— O.K., connard, je ferme ma gueule, je lui ai dit.
Sans un mot, j'ai avalé mon assiette. Puis je me suis levée d'un coup (cela fait toujours son petit effet quand on a presque un mètre quatre-vingt-dix), j'ai saisi mon plateau, je suis allée le déposer à grandes enjambées et me suis rendue à la viescolaire.
M. Bagdali, le C.P.E., ne s'occupe que des élèves du tierquar. C'est Nabil qui m'a reçue. Alissar se trouvait à proximité. Elle m'avait à la bonne : je savais qu'elle me soutiendrait en cas de problème.
— Régime alimentaire particulier ? m'a demandé Nabil sans me regarder.
— J'ai déjà répondu à cette question l'année dernière.
— Tes commentaires à la con, tu peux te les garder.
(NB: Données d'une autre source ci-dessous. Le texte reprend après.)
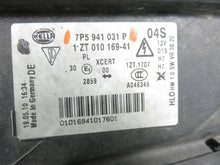 Laden Sie das Bild in den Galerie-Viewer, Frontscheinwerfer Porsche Cayenne 7P5941031P Links Scheinwerfer Headlight SCH2001628953tm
Contente-toi de répondre.
— Je mange de tout.
— Vide ton sac.
J'ai tout étalé sur le comptoir d'accueil. C'était pour s'assurer que je ne portais pas d'arme sur moi. Vérification de pure forme : ici, les armes circulent en toute liberté. Il est rare, toutefois, qu'Adrian ou l'un de ses sbires en fasse usage.
Personne, du reste, ne s'était jamais ramené avec un couteau ou une arme à feu à une convocation de ce genre. On n'était pas cons à ce point.
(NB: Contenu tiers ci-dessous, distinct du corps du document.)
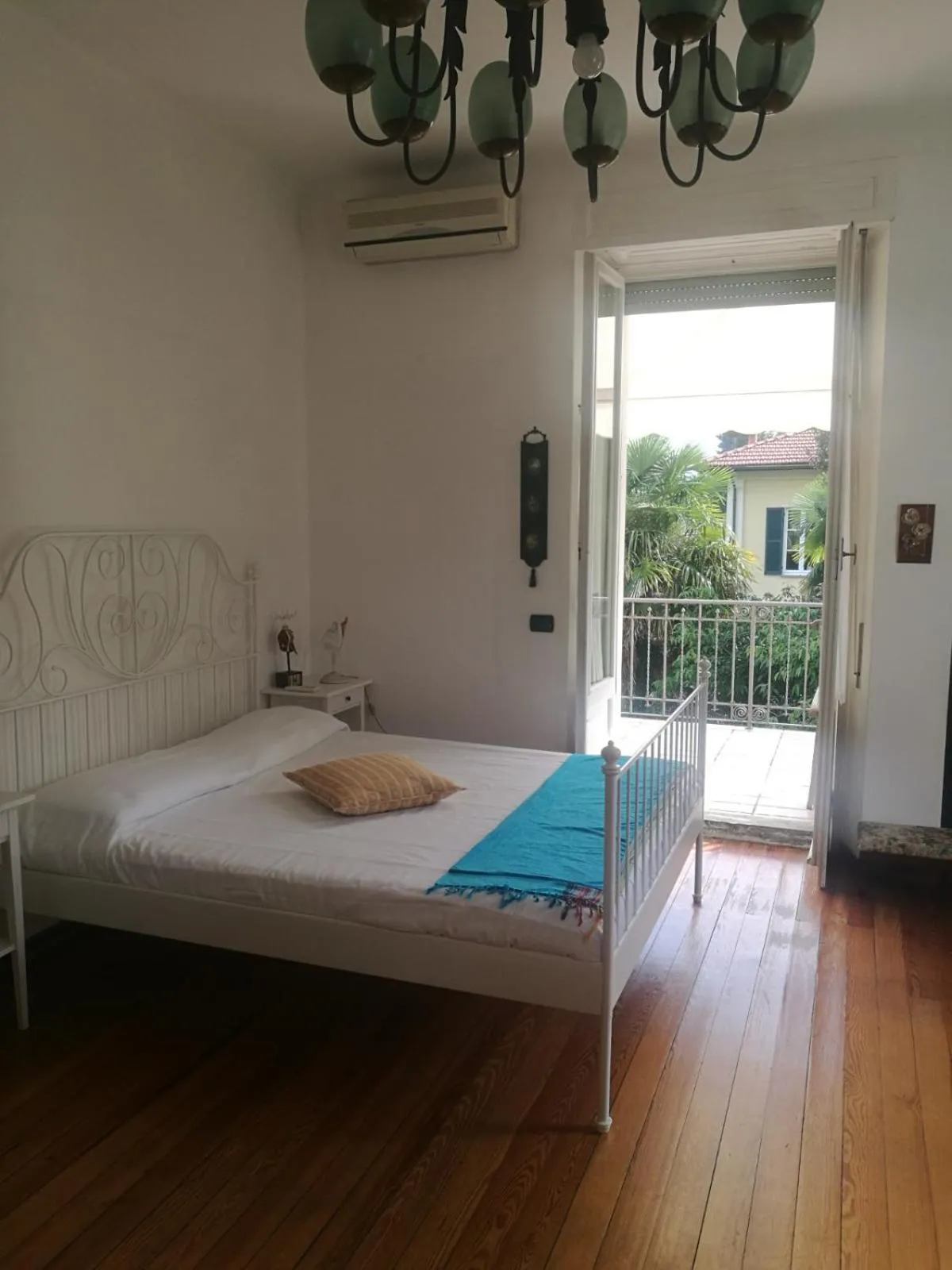 Double Room with Private Bathroom in Rainbow Relais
Nabil a daigné lever les yeux de son ordi et m'a désigné le protège-dents en gel thermoformable qui me quittait jamais. Je le mettais dès que ça sentait le roussi.
— C'est quoi ?
— Pour les dents.
— Confisqué.
— Pourquoi ?
— Accessoire de boxe.
J'ai pesté. Sur celui-là, le moulage était parfait.
— T'appartiens à un groupe ? il a poursuivi.
— Jamais de la vie.
Il a enfin levé les yeux sur moi.
— T'es folle ? Si t'es pas dans un groupe, tu survivras pas deux semaines.
— Surtout si vous me laissez même pas un protège-dents.
— T'as tort de pas m'écouter.
— O.K., je vais voir ce que je peux faire. Une proposition ?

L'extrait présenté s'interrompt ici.